Belghiti s’arrête également sur l’expression « candidats scolarisés » utilisée dans le communiqué gouvernemental. Il estime que ce choix statistique mérite d’être interrogé, dans la mesure où les résultats des candidats libres diffèrent traditionnellement de ceux des élèves inscrits dans les établissements scolaires. D’un point de vue méthodologique, cette distinction est parfaitement admise dans les statistiques éducatives. Néanmoins, elle soulève une question légitime sur la manière dont les indicateurs sont présentés au public lorsqu’il s’agit d’évaluer l’état réel du système éducatif dans son ensemble.
Par ailleurs, lorsque le ministre de l’Éducation nationale évoque une « dynamique positive », cette appréciation repose sur des éléments objectivement mesurables : augmentation du nombre de candidats, progression du nombre de lauréats et stabilité du taux de réussite. Toutefois, comme le rappellent de nombreux chercheurs, ces indicateurs ne suffisent pas à eux seuls pour apprécier la qualité d’un système éducatif. D’autres paramètres demeurent essentiels : les taux d’abandon scolaire, la qualité des apprentissages, l’accès à l’enseignement supérieur, l’insertion professionnelle ou encore la situation des jeunes qui ne sont ni en emploi, ni en études, ni en formation.
C’est à ce niveau que le débat dépasse largement le cadre du baccalauréat pour poser une question plus profonde sur la fonction sociale de l’école marocaine. L’école publique est-elle encore capable de jouer son rôle traditionnel de moteur de mobilité sociale et de réduction des inégalités ? Ou bien les fractures économiques et territoriales se reproduisent-elles désormais à l’intérieur même des salles de classe, au point que les chances de réussite dépendent autant du milieu social que des efforts personnels des élèves ? Ces interrogations ne trouvent évidemment pas leur réponse dans un simple communiqué gouvernemental, mais elles demeurent au cœur des réflexions menées par les spécialistes de l’éducation et les institutions chargées d’évaluer les politiques publiques.
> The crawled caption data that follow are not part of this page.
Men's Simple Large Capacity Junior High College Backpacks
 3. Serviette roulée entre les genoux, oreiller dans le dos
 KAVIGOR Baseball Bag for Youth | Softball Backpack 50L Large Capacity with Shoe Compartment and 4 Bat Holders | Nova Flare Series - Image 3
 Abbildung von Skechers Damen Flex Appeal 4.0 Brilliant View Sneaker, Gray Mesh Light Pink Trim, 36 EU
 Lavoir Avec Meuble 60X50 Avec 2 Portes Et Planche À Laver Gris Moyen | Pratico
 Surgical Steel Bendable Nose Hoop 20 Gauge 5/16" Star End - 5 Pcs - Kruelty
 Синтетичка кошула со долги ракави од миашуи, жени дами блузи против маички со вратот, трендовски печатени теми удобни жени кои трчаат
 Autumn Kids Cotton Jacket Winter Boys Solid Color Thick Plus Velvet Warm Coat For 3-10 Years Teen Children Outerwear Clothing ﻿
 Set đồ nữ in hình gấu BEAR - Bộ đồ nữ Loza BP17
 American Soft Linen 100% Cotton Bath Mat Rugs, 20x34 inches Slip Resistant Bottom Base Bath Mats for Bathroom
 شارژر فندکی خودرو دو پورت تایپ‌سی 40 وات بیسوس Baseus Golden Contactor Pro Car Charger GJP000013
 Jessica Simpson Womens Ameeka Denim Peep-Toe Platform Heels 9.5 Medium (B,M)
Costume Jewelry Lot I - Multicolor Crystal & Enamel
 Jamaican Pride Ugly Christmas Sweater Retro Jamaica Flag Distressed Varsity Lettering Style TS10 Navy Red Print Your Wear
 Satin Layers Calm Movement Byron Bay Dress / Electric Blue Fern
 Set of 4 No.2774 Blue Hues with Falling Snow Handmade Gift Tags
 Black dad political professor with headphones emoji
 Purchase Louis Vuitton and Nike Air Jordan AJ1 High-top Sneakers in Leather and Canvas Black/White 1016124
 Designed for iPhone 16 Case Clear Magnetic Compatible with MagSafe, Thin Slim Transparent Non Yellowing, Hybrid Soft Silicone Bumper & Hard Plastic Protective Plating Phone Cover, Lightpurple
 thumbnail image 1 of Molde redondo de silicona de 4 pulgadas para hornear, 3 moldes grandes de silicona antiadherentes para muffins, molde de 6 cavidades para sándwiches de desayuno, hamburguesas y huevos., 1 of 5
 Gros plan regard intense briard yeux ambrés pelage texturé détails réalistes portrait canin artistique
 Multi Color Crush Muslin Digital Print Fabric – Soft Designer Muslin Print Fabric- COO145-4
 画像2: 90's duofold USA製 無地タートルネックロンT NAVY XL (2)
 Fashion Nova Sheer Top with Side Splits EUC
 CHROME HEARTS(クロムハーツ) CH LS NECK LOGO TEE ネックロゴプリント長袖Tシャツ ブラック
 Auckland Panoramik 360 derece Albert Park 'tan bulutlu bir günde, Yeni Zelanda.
Au final, les analyses de Rachid Belghiti peuvent faire l’objet de débats et les appréciations sur le bilan du gouvernement en matière d’éducation peuvent diverger. Il n’en demeure pas moins que sa publication a eu le mérite de transformer un chiffre administratif en une réflexion plus large sur l’avenir de l’école marocaine. Car la véritable question n’est peut-être pas seulement de savoir combien d’élèves ont obtenu leur baccalauréat, mais combien d’enfants l’école marocaine est réellement parvenue à accompagner jusqu’à cette étape, puis à préparer à une insertion sociale et professionnelle digne. En définitive, la valeur d’une réforme éducative ne se mesure pas uniquement au nombre de diplômes délivrés, mais aussi au nombre de destins qu’elle parvient à préserver de l’échec, de l’exclusion et de la précarité.